Especialista aponta aumento da carga tributária, impactos no fluxo de caixa e necessidade de revisão da estratégia fiscal do setor
A implementação da Reforma Tributária deve provocar mudanças significativas na rotina das empresas prestadoras de serviços. Com a substituição de tributos como PIS, Cofins, ICMS e ISS pela Contribuição sobre Bens e Serviços (CBS) e pelo Imposto sobre Bens e Serviços (IBS), especialistas alertam que o setor precisará adotar novas estratégias para preservar a competitividade e reduzir os impactos financeiros das alterações no sistema.
Embora a proposta tenha como objetivos simplificar a tributação, ampliar a transparência e adotar o modelo de Imposto sobre Valor Agregado (IVA), a expectativa é que empresas de serviços enfrentem um aumento da carga tributária. Isso ocorre porque o segmento possui uma estrutura de custos concentrada na mão de obra, despesa que não gera créditos no novo modelo, reduzindo as possibilidades de compensação tributária previstas pela reforma.

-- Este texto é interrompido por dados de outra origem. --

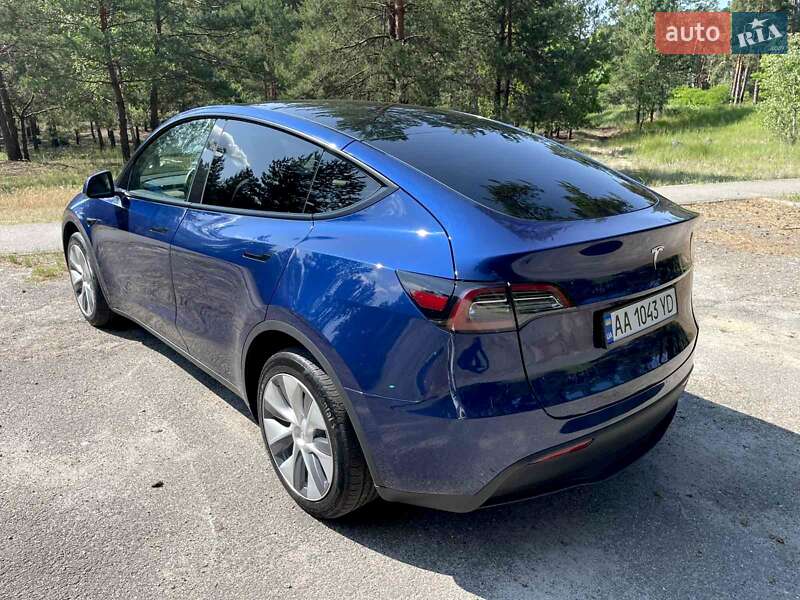 Внедорожник / Кроссовер Tesla Model Y 2024 в Киеве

De acordo com Jordane Costa, coordenador do Núcleo Contencioso e Consultivo Tributário, a estimativa de uma alíquota em torno de 26,5% para CBS e IBS pode representar um impacto relevante para empresas enquadradas no lucro presumido ou que possuem baixa capacidade de aproveitamento de créditos fiscais.
Outro ponto de atenção é a adoção do mecanismo de split payment, que prevê o recolhimento do tributo no momento da liquidação financeira das operações. Segundo o especialista, a medida pode afetar o fluxo de caixa das empresas, especialmente aquelas que já operam com margens reduzidas.
Diante desse cenário, a recomendação é que as organizações iniciem desde já um planejamento tributário detalhado. Entre as medidas sugeridas estão o mapeamento das operações, a revisão de contratos comerciais, a reavaliação da cadeia de fornecedores e a busca por alternativas que ampliem a eficiência fiscal, permitindo uma adaptação mais segura ao novo ambiente tributário.